Work required
Reproduce the entries shown below only from the line with "More Photos Of" down to the line with "Ancient Ruins Buildings", keeping both end lines and copying each one exactly.

BEGIN The input

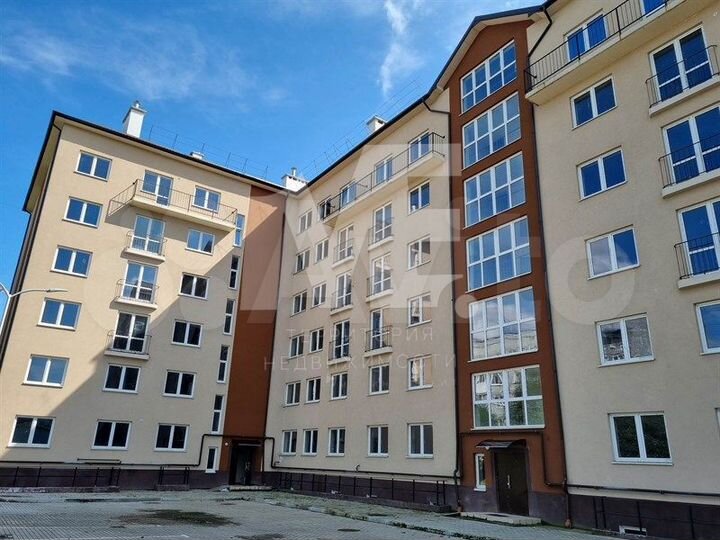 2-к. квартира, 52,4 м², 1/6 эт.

END The input
BEGIN The input

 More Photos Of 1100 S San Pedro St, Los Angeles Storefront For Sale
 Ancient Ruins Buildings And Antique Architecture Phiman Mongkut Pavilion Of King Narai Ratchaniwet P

END The input
BEGIN The input

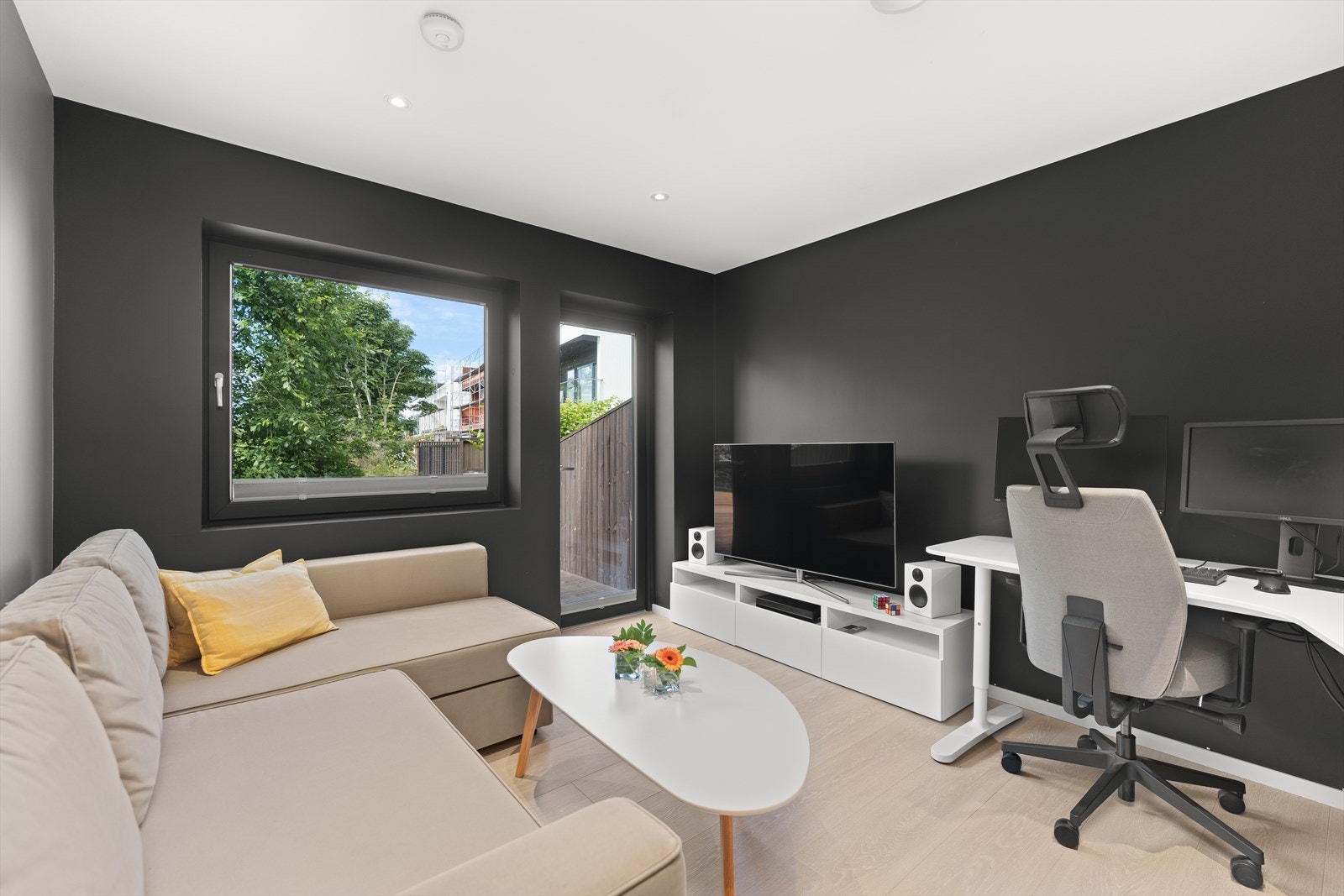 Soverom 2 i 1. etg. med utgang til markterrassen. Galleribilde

END The input

Task answer
 More Photos Of 1100 S San Pedro St, Los Angeles Storefront For Sale
 Ancient Ruins Buildings And Antique Architecture Phiman Mongkut Pavilion Of King Narai Ratchaniwet P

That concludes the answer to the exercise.